A repository can specify one or multiple parent repos. Sources of the child repo can reference sources of parent repos, allowing to compose the list/dict of files within a source from the list/dict of parent sources in addition to the locally specified files.

Parents are specified as part of the main configuration, for example:

"parents": {
    "parent1": {
        "location": "https://github.com/<org>/<repo>/archive/refs/heads/main.zip"
    },
    "parent2": {
        "location": "https://github.com/<org>/<repo>/archive/refs/tags/1.0.0.zip"
    }

}

Parents are repositories that currently have to be referenced to as zip files. The location format may be expanded in the future, see #134 and #130.

Source composition

In addition to a list/dict of file references, a source may reference other parent sources to compose its list/dict of files from:

"my_source": {
	"parent_sources": [
		"parent1.some_source",
		"parent1.other_source"
		"parent2.some_source"
	],
	"files_dict": {...},
	"files_list": [...]
}

When pulling data, only data from the files list/dict is locally stored (in the folder for this source), compare with sources.

When running the flow compilation pipeline, source lists are taken from the parent repos (recursively) and file lists/dicts are composed as follows:

  • The file lists of all parent_sources are concatenated (in order), with the own files_list concatenated at the end.
  • The file dicts of all parent_sources and the own files_dict are merged. (In case of duplicate keys, the latter value is taken.) (Note: This may not be what we want: The use case for dicts is for steps that have specific input files, where each key has a semantic meaning. In case of a collision in dict keys, the child data overwrites the parent entry, which means there is no clean way of a step reading multiple input files of the same type (key) and merging them. We might prefer to have each dict value be a list of files, so that in a case of key collision, we can concatenate them.)

Thus when a pipeline step references a source, it has access to a joint files list/dict.

An Example

Let's try to build an example showcasing inheritance:

Assume we have a grandparent repo living at the URL grandparent_url.
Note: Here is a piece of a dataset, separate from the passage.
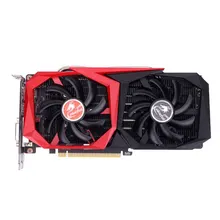 Card màn hình Cũ Colorful GTX 1060 NB 3GB 2 Fan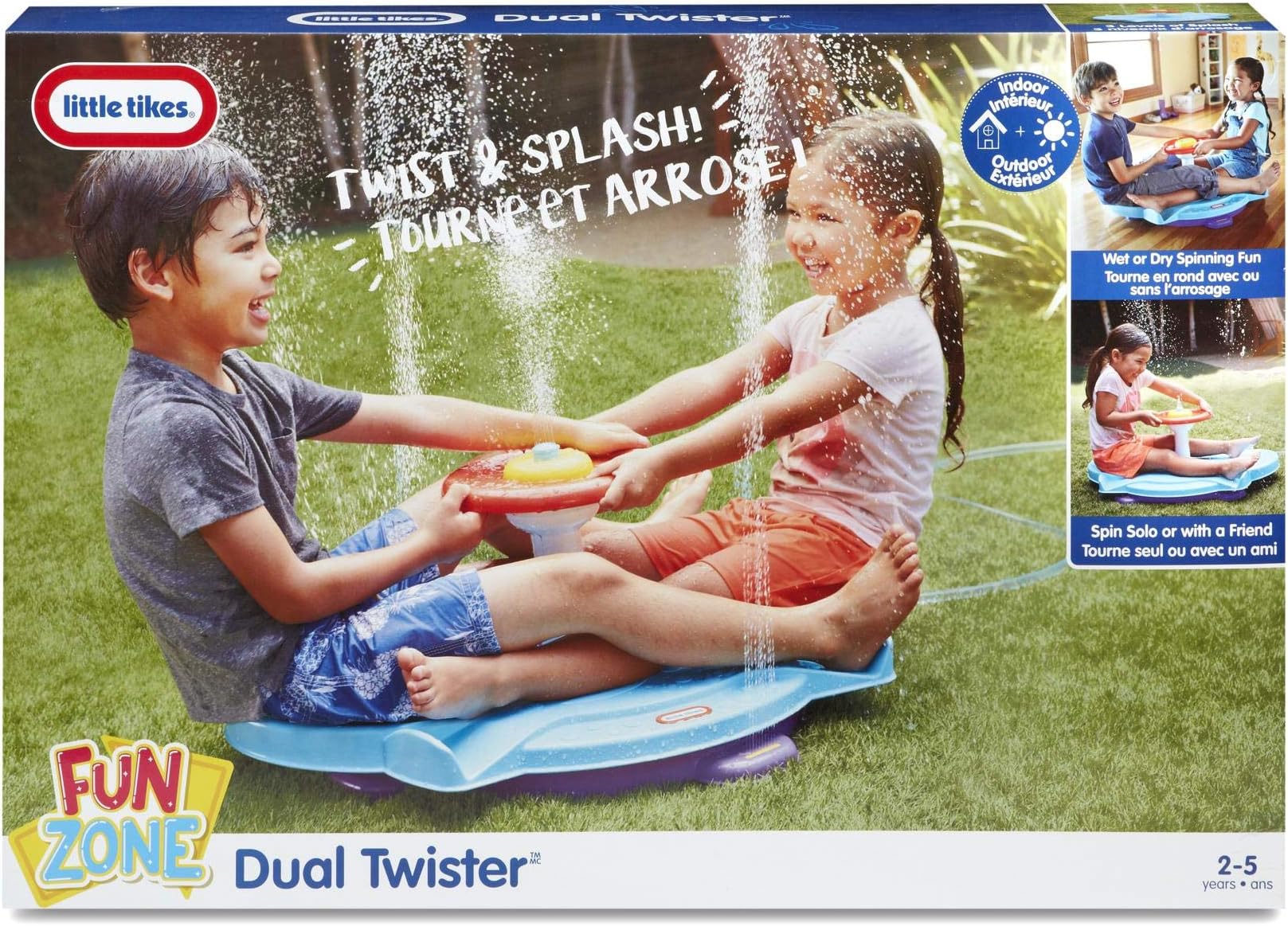 Little Tikes 645815 Dual Twister Outdoor Toy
Let its config be:

{
    "parents": {},
    "sheet_names" : {
        "grandparent_templates" : "google_sheet_id",
        ...
    },
    "sources": {
        "flow_definitions": {
            "format": "sheets",
            "subformat": "google_sheets",
            "files_list": [
                "grandparent_templates",
                "some_other_google_sheet_id_which_we_didnt_give_a_name",
                ...
            ]
        }
    },
    "steps": [
        # maybe this repo defines a pipeline to produce flows,
        # but maybe it only defines data sources and this list is empty
        ...
    ]
}

Assume we have a parent repo living at the URL parent_url. It declares the grandparent repo to be its parent (optionally specifying a branch/tag/commit hash), and references some of its sources. It defines two data sources, one for flows which references the parent repo, and one for flow expiration times. For the flows data source, the resulting input data (for the pipeline) is the grandparent list of sheets concatenated with the own list of sheets. However, when pulling data, only the own data is locally stored (for archiving on github).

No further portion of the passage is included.